Présenté mercredi soir en compétition au Festival de Cannes 2024, nous sommes emmenés sur les magnifiques côtes du Ceará, au Brésil, où la tragédie est sur le point de frapper. Heraldo (Iago Xavier) apprend rapidement que son frère est décédé alors qu'il passait une nuit au Motel Destino titulaire. Bien qu'il n'ait pas appuyé sur la gâchette, il est accusé de ne pas l'avoir soutenu lors d'un travail planifié qui a terriblement mal tourné. Il doit donc se cacher. Quel meilleur endroit pour faire ça que l'escapade sexuelle où il venait de se trouver ? Contenant salle privée après chambre privée pour les clients payants, Heraldo se présente et demande s'ils ont besoin de quelqu'un pour y travailler. Il est désespéré et donc prêt à faire n'importe quoi. Propriété du couple Dayana (Nataly Rocha) et Elias (Fábio Assunção), il nécessite un nettoyage et un entretien quasi constants. Heraldo passera le reste du film à faire exactement cela tout en apprenant beaucoup de choses sur ceux avec qui il travaille.

Bien sûr, on découvre que tout ne va pas bien dans ce prétendu paradis sexuel. Ensuite, Dayana et Heraldo commencent à coucher ensemble. Ils le font en se cachant d'Elias violent qui a déjà menacé Dayana auparavant lorsqu'elle tentait de s'enfuir. Dans le même temps, Heraldo craint que son refuge excité ne soit découvert lorsque l'un de ses anciens collègues de ce monde criminel vaguement esquissé viendra frapper à sa porte. Il y a du potentiel dans cette prémisse, mais le diable réside dans les détails de sa mise en œuvre. Bien qu'il y ait eu beaucoup plus de premières polarisantes au festival cette année, « Motel Destino » est l'un des rares qui ressemble le plus à un raté. C’est en grande partie dérivé, devenant la pire chose qu’un film comme celui-ci puisse être : oubliable.

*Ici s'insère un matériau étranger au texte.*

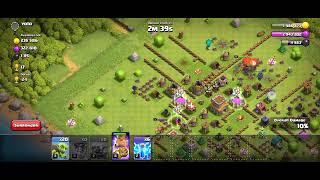 clash of clans new video 📸 ogg game play ⏯️ [upl. by Sven]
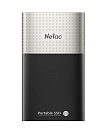 SSD накопитель Netac Z9 128GB USB 3.2 Gen 2 Type-C External SSD, R/W up to 510MB/440MB/s,with USB-C to USB-A cable and USB-A to USB-C adapter 3Y wty (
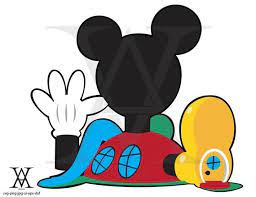 Check spelling or type a new query. Mickey Mouse Clubhouse Clipart Vector Instant Download Etsy Mickey Mouse Mickey Mouse Clubhouse Mickey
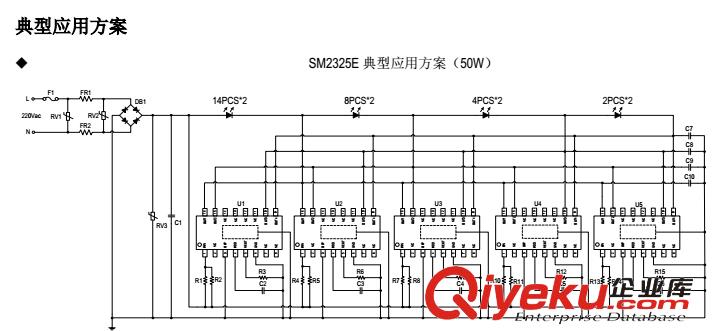 LED電源驅(qū)動控制芯片SM2325E的發(fā)展方向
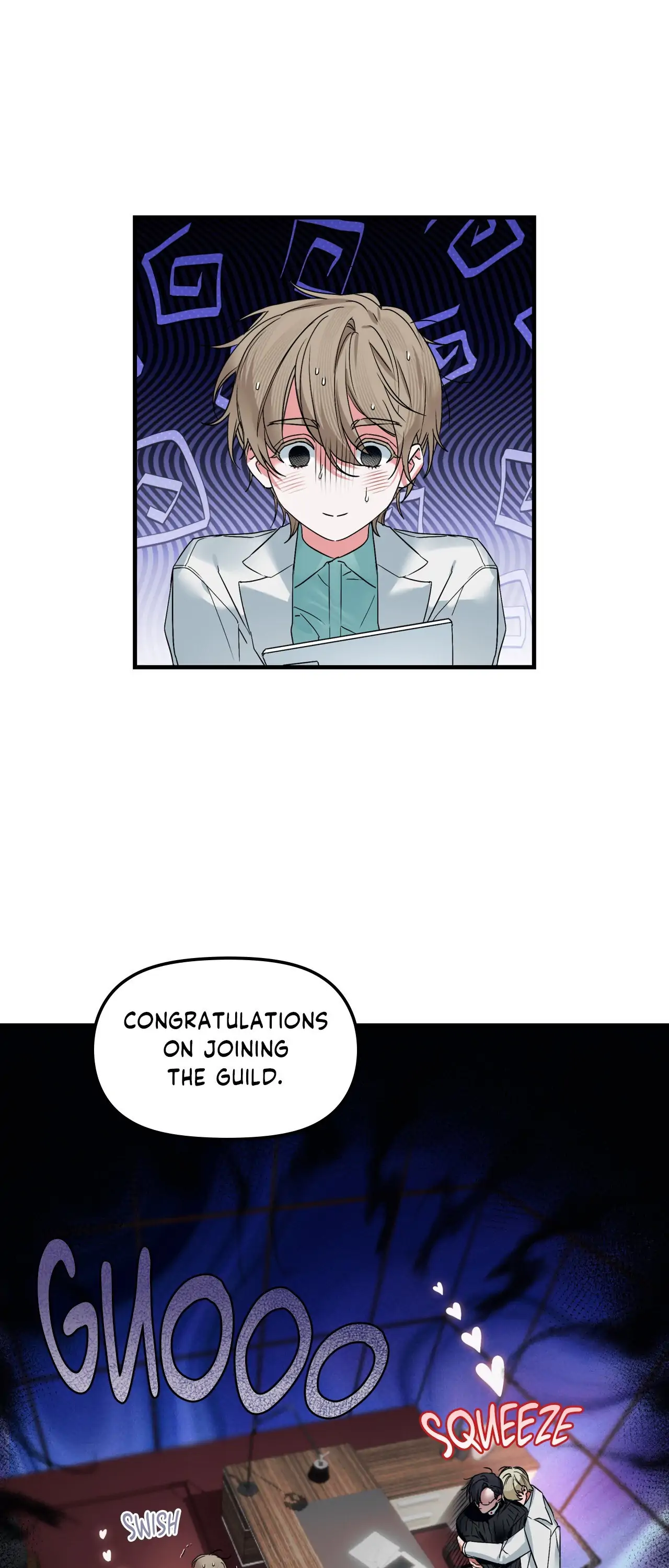 Well-hung Hero [Official] - Episode 3 manhwa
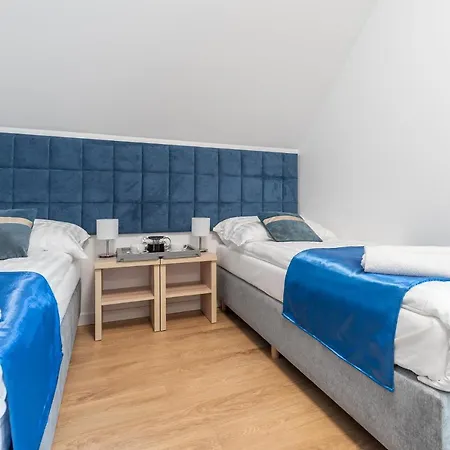 Apartament Horizon Park 4b Lägenhet Dziwnówek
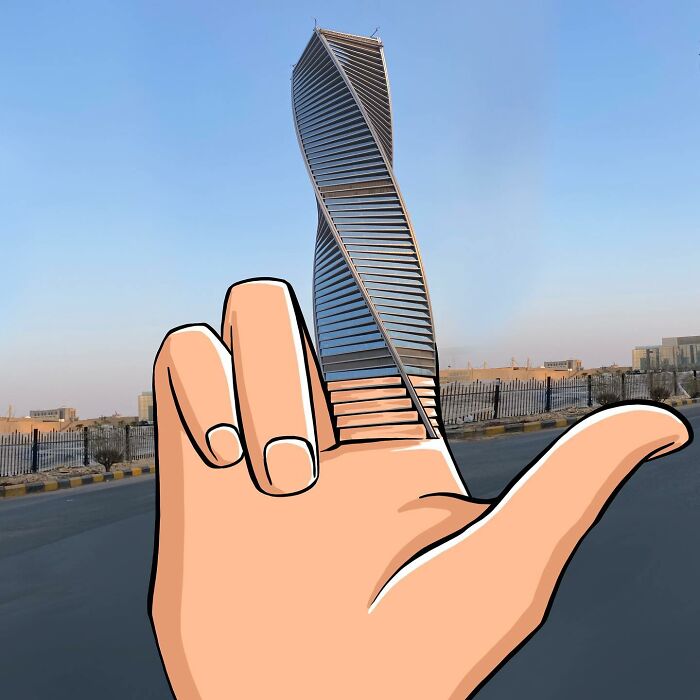 Artist Continues To Use Everything Around Her To Create Beautiful Illustrations (75 New Pics)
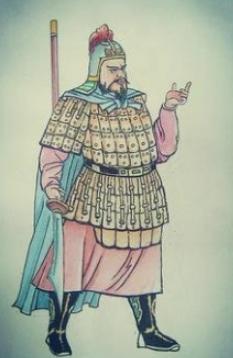 马援平定羌乱攻打岭南,什么没进云台28将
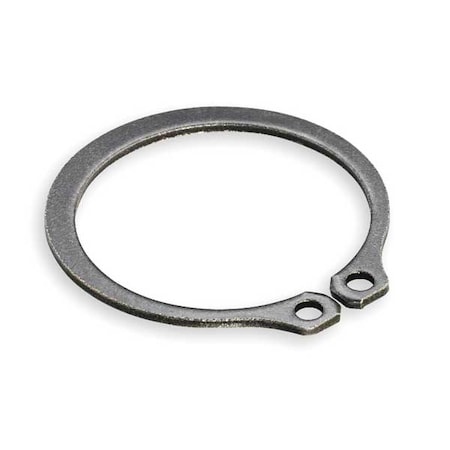 Retaining Ring, ID 0.250 In, OD 0.720 In MPN:W250SS
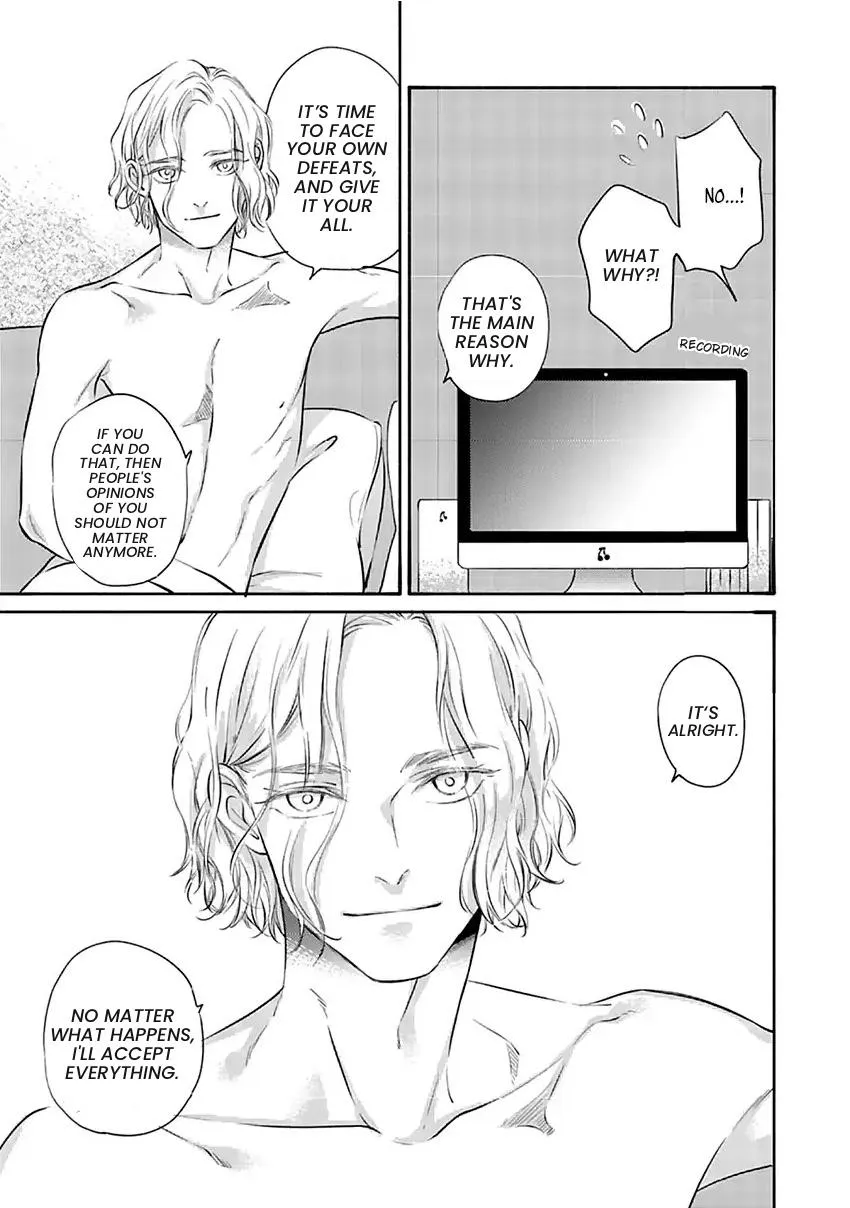 Hosaka-San To Miyoshi-Kun - Chapter 11 Page 23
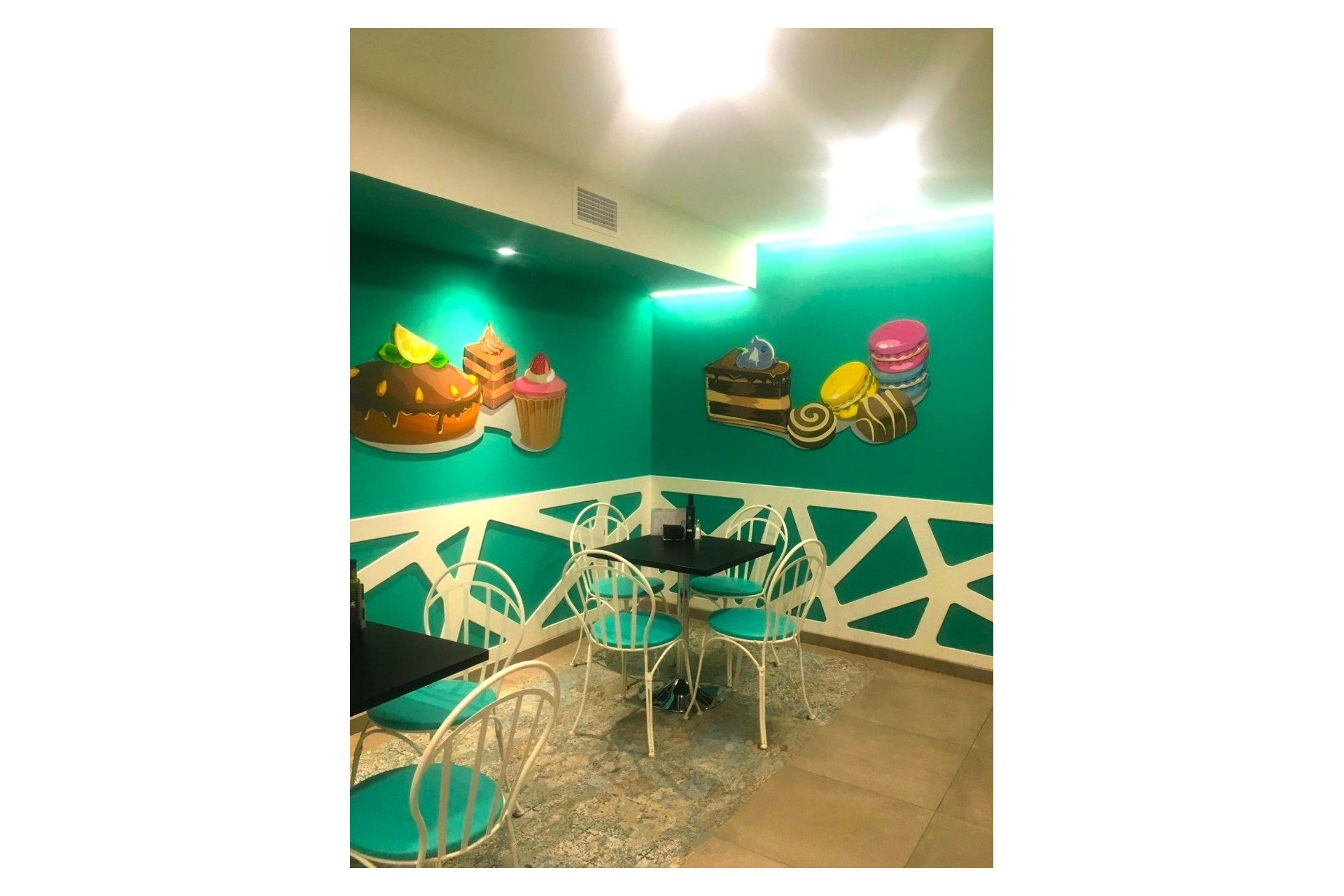 Segunda mano - Local  -
Villajoyosa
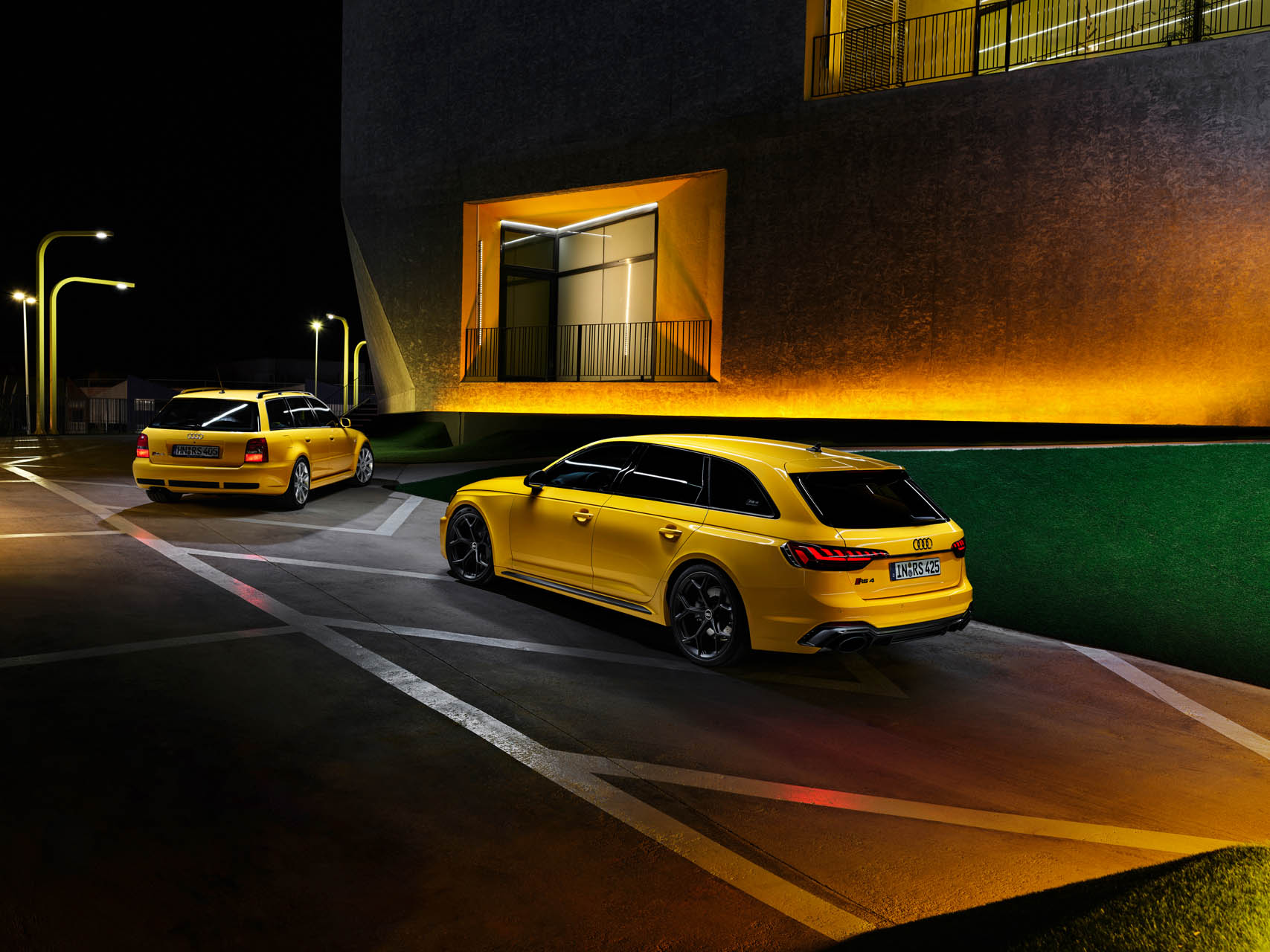 Audi RS 4 Avant edition 25 years 04
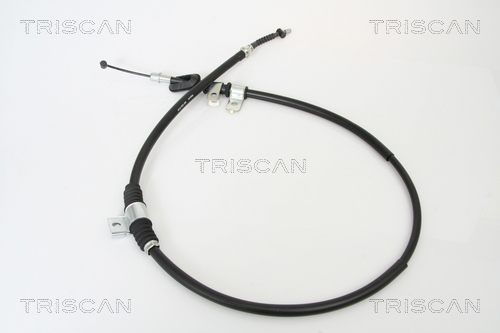 Linka hamulca ręcznego TRISCAN 8140 43128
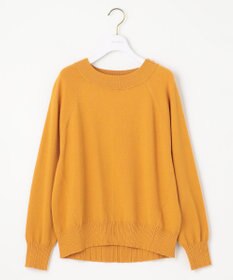 ANY SIS S 【CICA加工】ケーブルリブ ニット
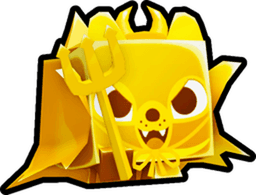 Golden Devil Tasmanian Pet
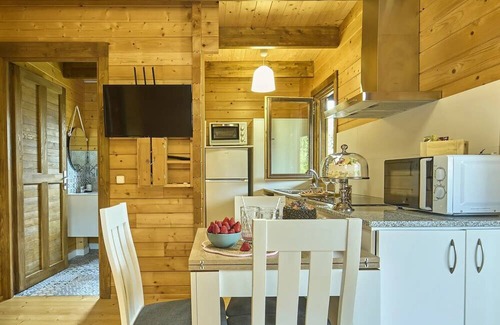 Bueu Cabina | Cottage : Nature + comfort 5' from the beach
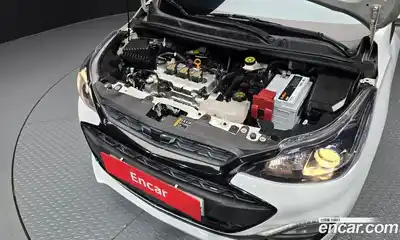 Chevrolet Spark 2018 1.0 автомат (гидро), миниатюра 6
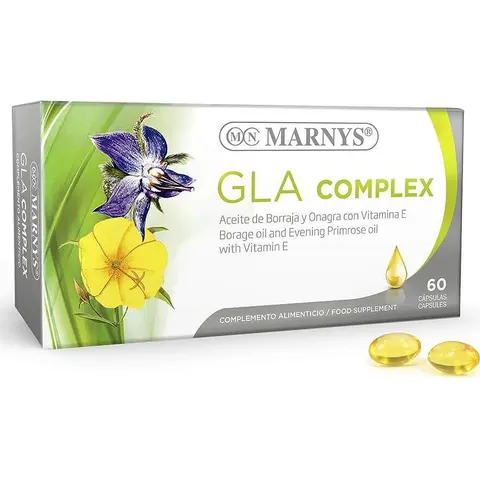 Marnys GLA Complex 60 Caps – imagen 5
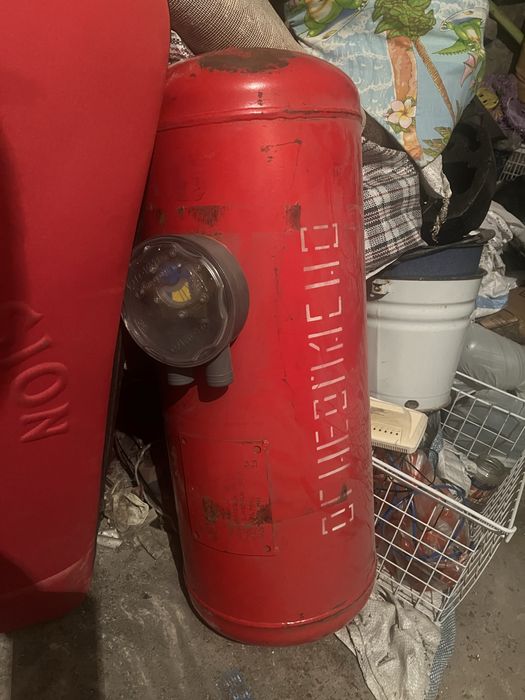 Газовое оборудование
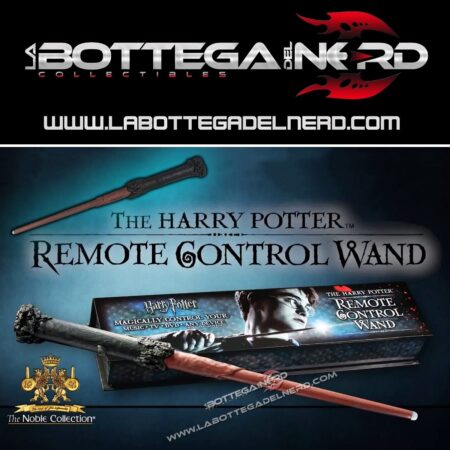 HARRY POTTER- Bacchetta magica telecomando di Harry Potter 36cm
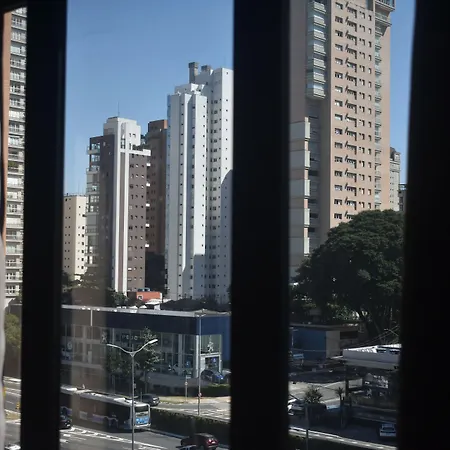 Unity Hotel - Vila Mariana Sp-3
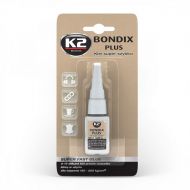 BONDIX PLUS 10G klej 15 sekundowy do plastiku, drewna, gumy - 10g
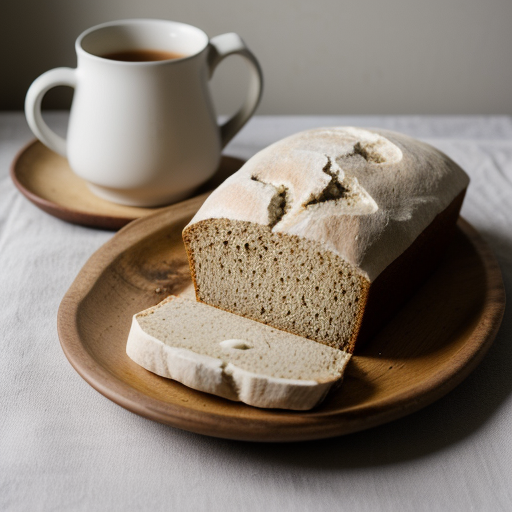 Basic Country Loaf recipe image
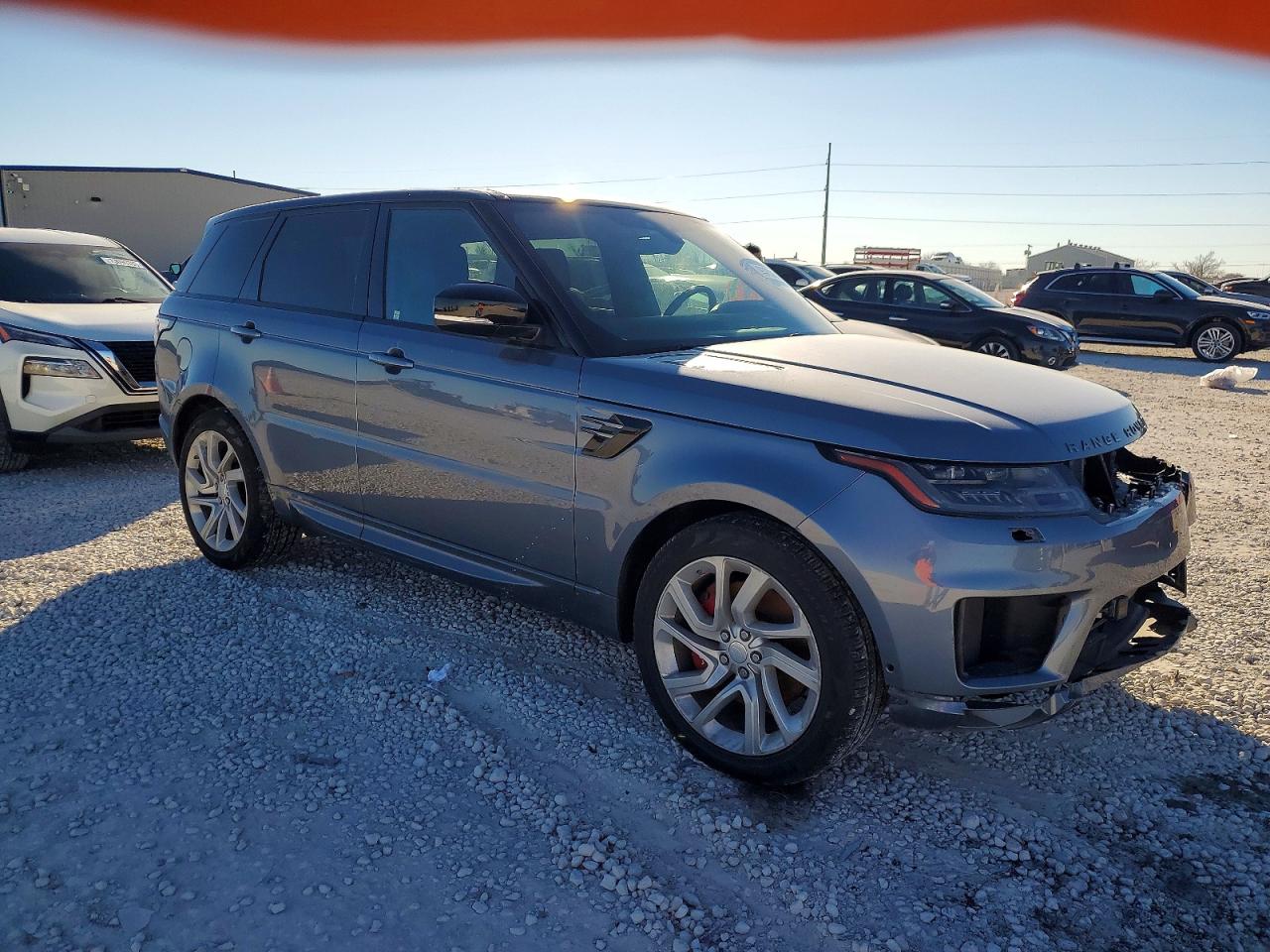 2018 LAND ROVER RANGEROVER
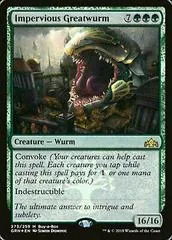 Impervious Greatwurm
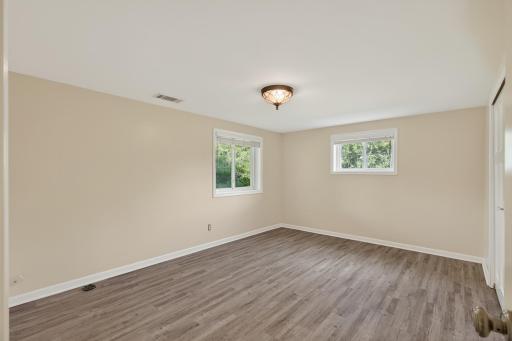 Lower Level Bedroom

C’est dommage, car les couleurs de ce monde semblent vivantes et riches même s’il reste confiné. Le problème n'est pas principalement le lieu unique, car d'autres premières de festivals comme « The Substance » et « Armand » ont trouvé beaucoup de choses intéressantes à faire tout en s'épanouissant dans leurs espaces confinés. Non, le plus gros problème est que « Motel Destino » se contente de parcourir des scènes répétitives les unes après les autres avec seulement des éclairs occasionnels de perturbations formelles via les cauchemars d'Heraldo. De tels moments pourraient avoir un certain poids si Xavier n'était pas si raide (pas comme ça) dans un rôle déjà souscrit. Même lorsque les choses se tendent dans le final où l'on déambule dans la pénombre du décor environnant, les personnages sont si maigres qu'il est remarquable qu'ils ne soient pas époustouflés.

Même si tout cela était de plus en plus ennuyeux auparavant, le film garde sa plus grande façade pour la fin. Après que les choses se déroulent inévitablement, nous avons droit à un monologue qui explique exactement ce que nous sommes censés retenir de cette affaire superficielle, dispersée et sordide. C'est un manque de confiance qui constitue la dernière déception d'un film qui en a déjà accumulé beaucoup. Même au moment du départ, il y a peu de chances que vous vous souveniez d'une grande partie de votre séjour.